Exercise prompt:
Verbatim transcription with images omitted: return the entries below in full.

*** Opening Information shown ***

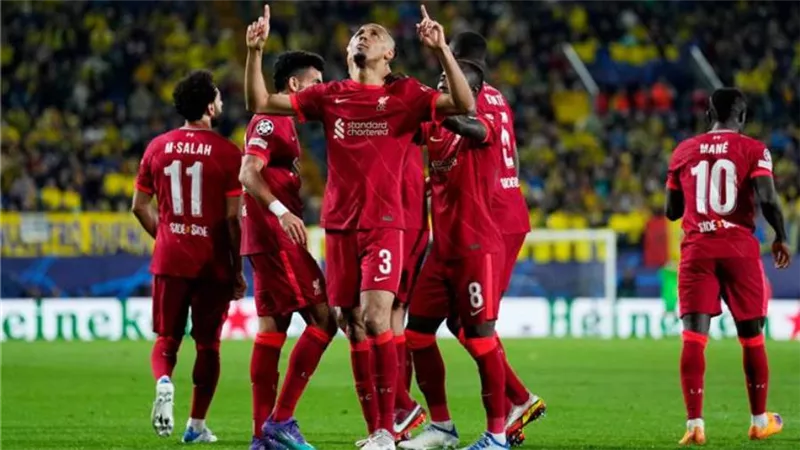 محمد صلاح يقود تشكيل ليفربول أمام تشيلسي في نهائي كأس الاتحاد الإنجليزي 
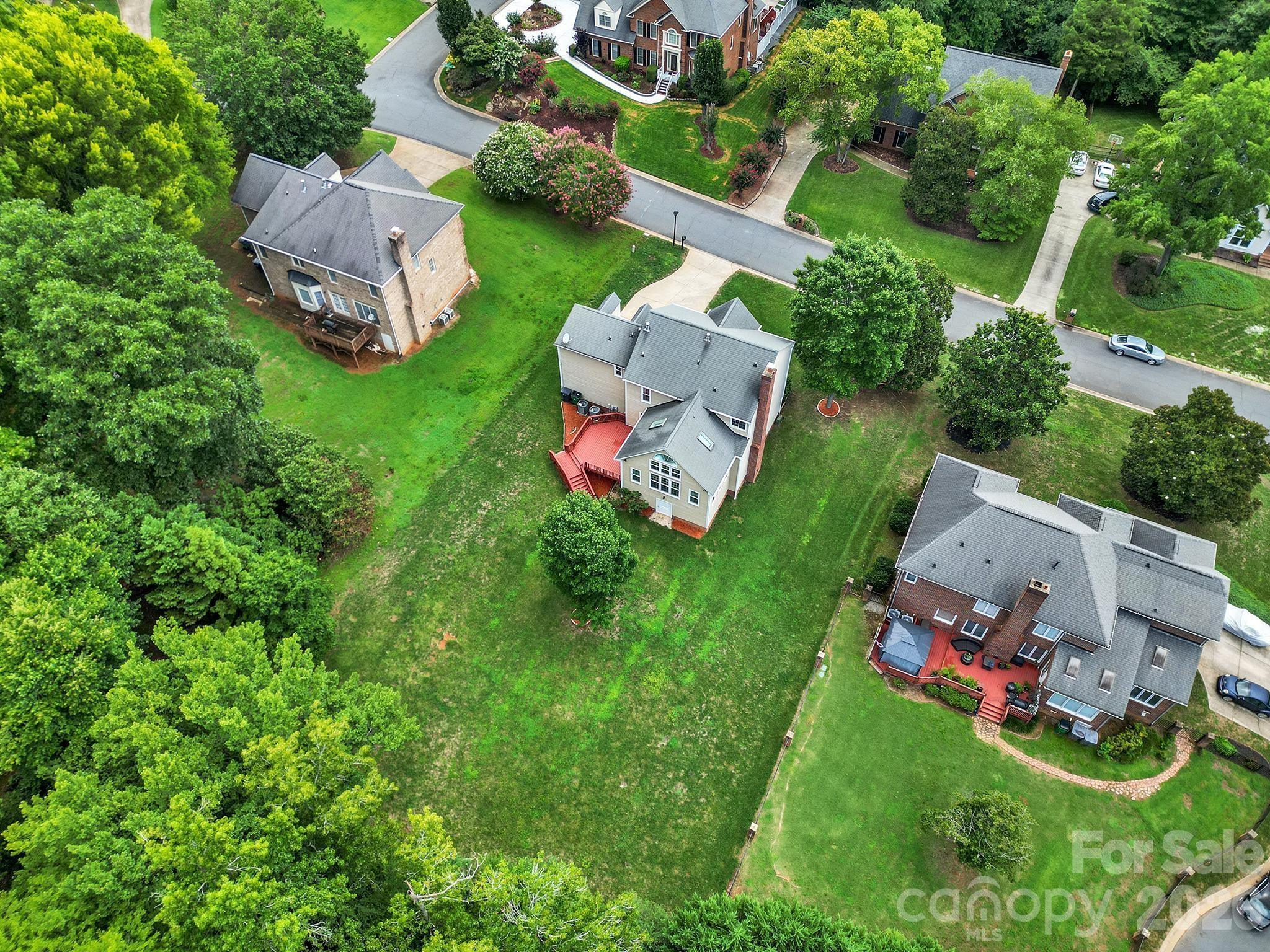 5709 Mallard Grove Road — Charlotte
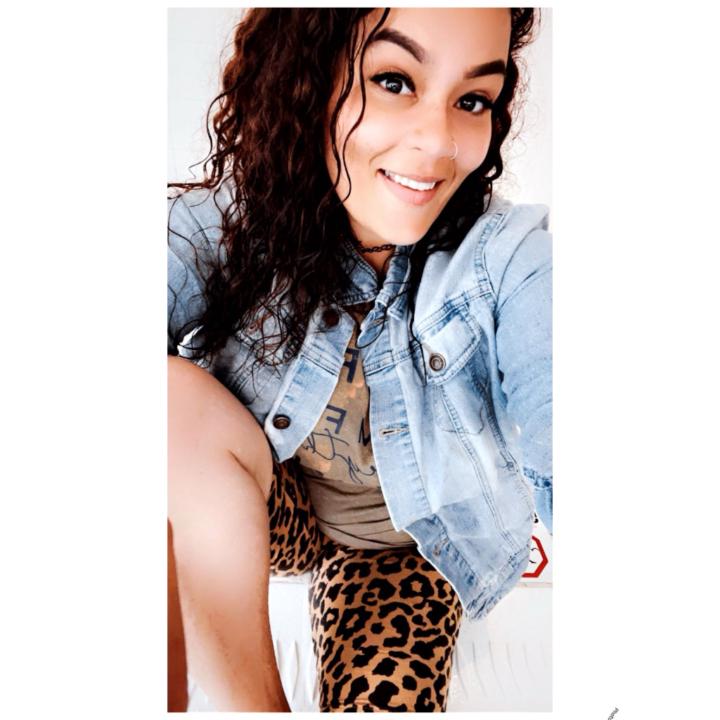 Tia Holmes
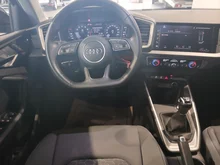 Audi A1 Sportback 25 TFSI intense in Mythosschwarz Metallic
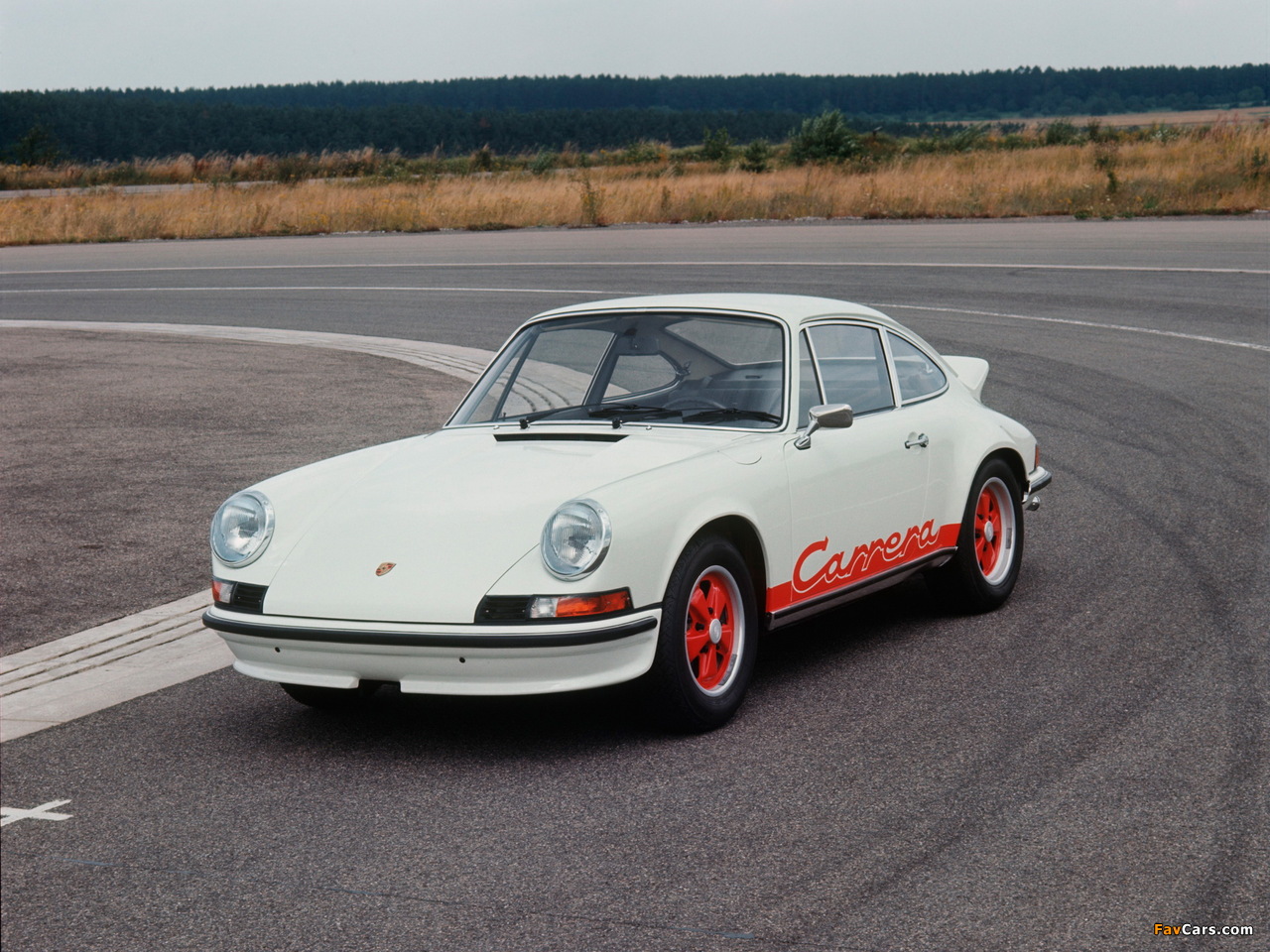 Images of Porsche 911 Carrera RS 2.7 Touring (911) 1972–73 (1280 x 960)
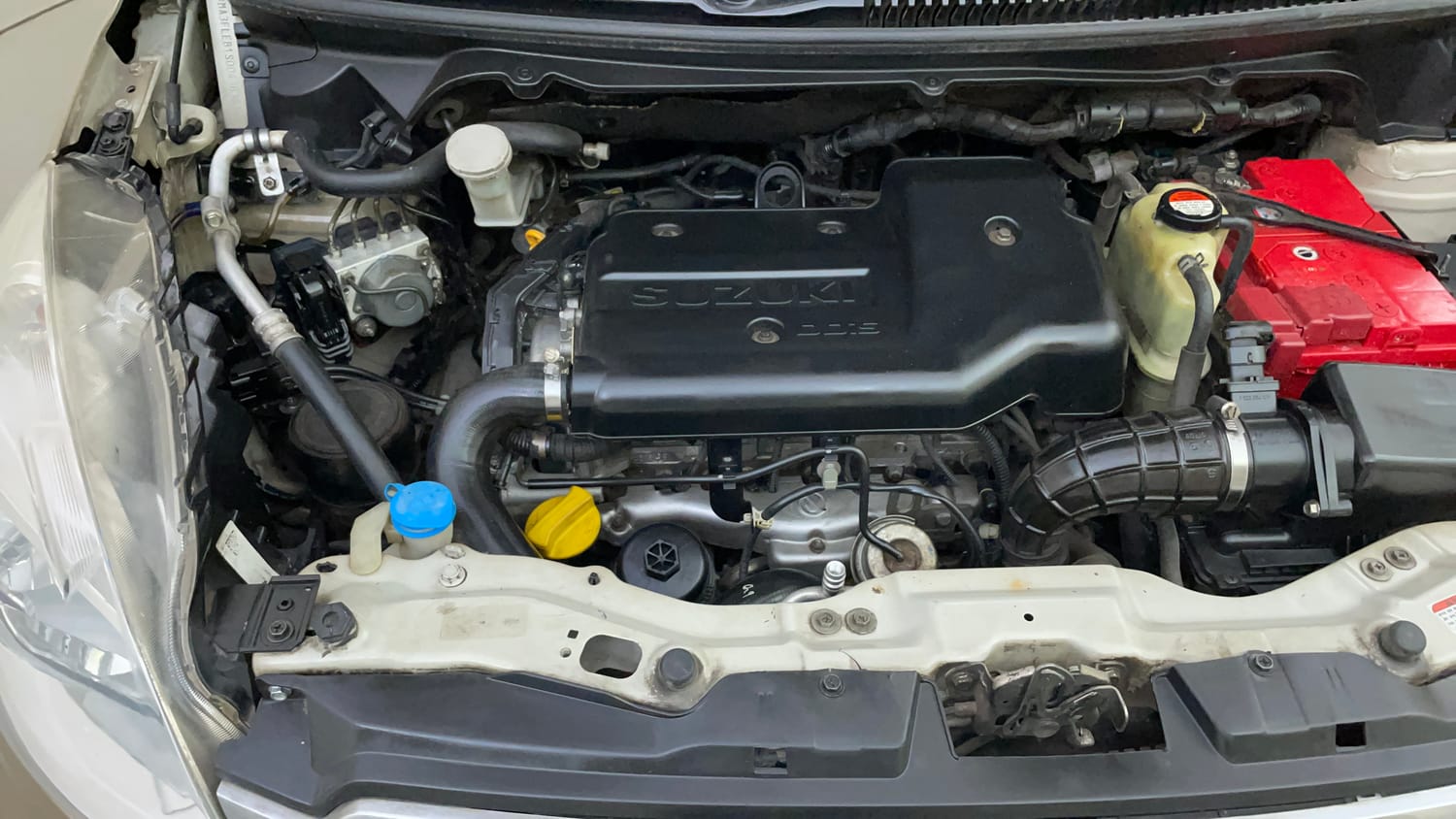 Used 2017 Maruti Suzuki Ertiga ZDI + SHVS Diesel Manual engine ENGINE RIGHT SIDE VIEW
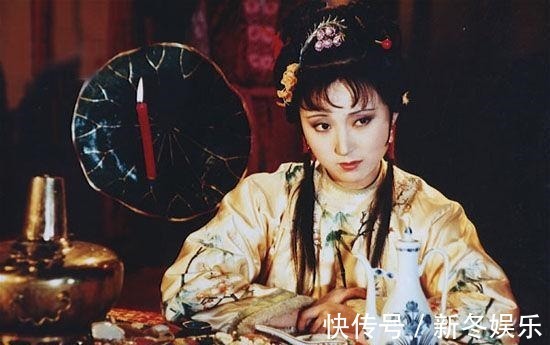 宝玉$那个从未露面的女人,才是红楼梦里贾家真正的王妃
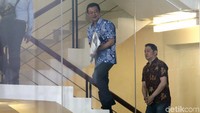 Sendy melaporkan pihak lain yang diduga melarikan uang investasinya senilai Rp 11 miliar. Dia diduga menyuap Agus untuk memperberat tuntutan pada pihak lain tersebut. Namun belakangan Sendy berdamai dengan pihak lain itu, tetapi kesepakatan suap diduga KPK masih berlangsung.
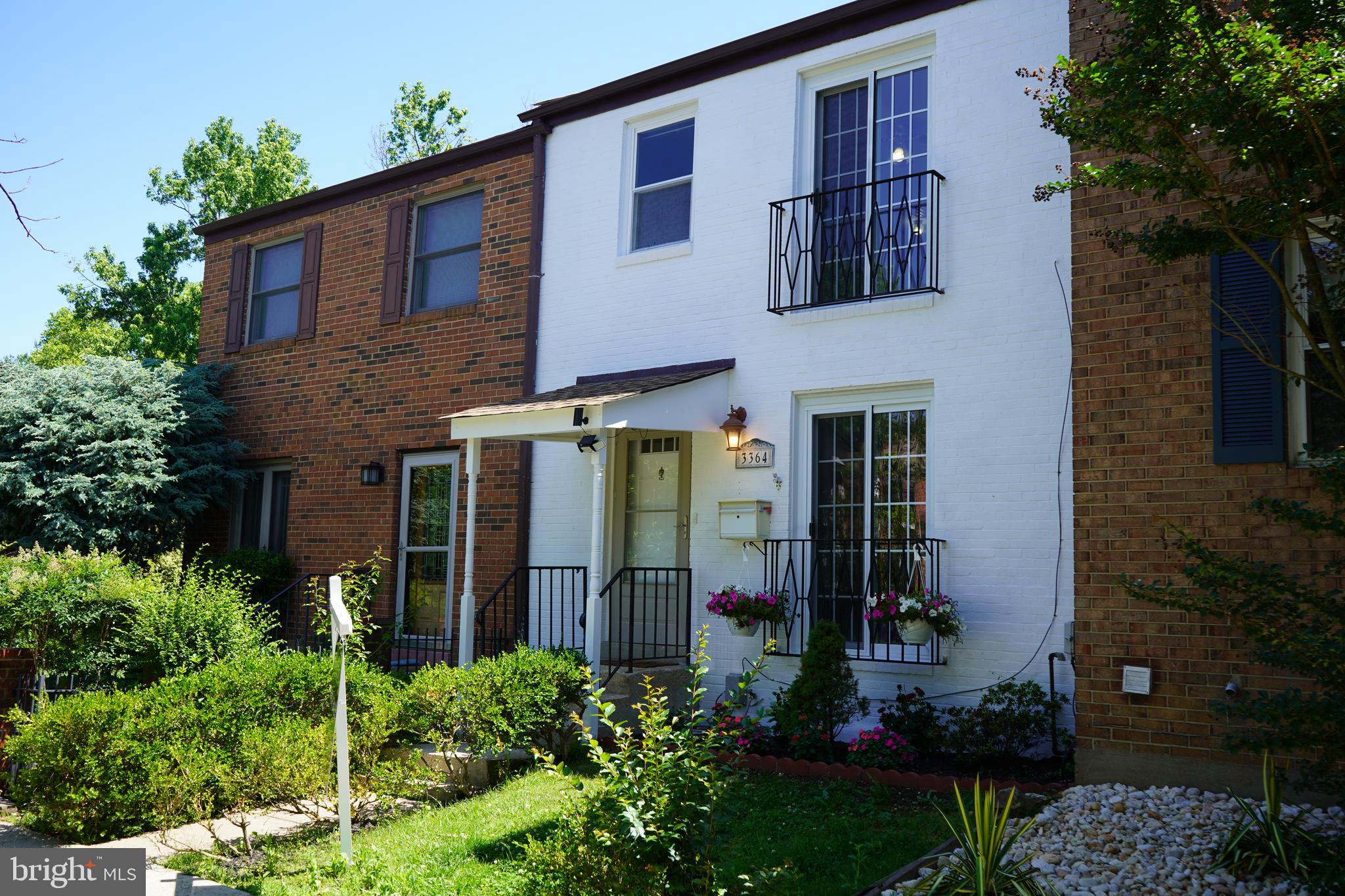 CARLYN PARK - Residential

*** Closing Information shown ***

The answer:
 محمد صلاح يقود تشكيل ليفربول أمام تشيلسي في نهائي كأس الاتحاد الإنجليزي 
 5709 Mallard Grove Road — Charlotte
 Tia Holmes
 Audi A1 Sportback 25 TFSI intense in Mythosschwarz Metallic
 Images of Porsche 911 Carrera RS 2.7 Touring (911) 1972–73 (1280 x 960)
 Used 2017 Maruti Suzuki Ertiga ZDI + SHVS Diesel Manual engine ENGINE RIGHT SIDE VIEW
 宝玉$那个从未露面的女人,才是红楼梦里贾家真正的王妃
 Sendy melaporkan pihak lain yang diduga melarikan uang investasinya senilai Rp 11 miliar. Dia diduga menyuap Agus untuk memperberat tuntutan pada pihak lain tersebut. Namun belakangan Sendy berdamai dengan pihak lain itu, tetapi kesepakatan suap diduga KPK masih berlangsung.
 CARLYN PARK - Residential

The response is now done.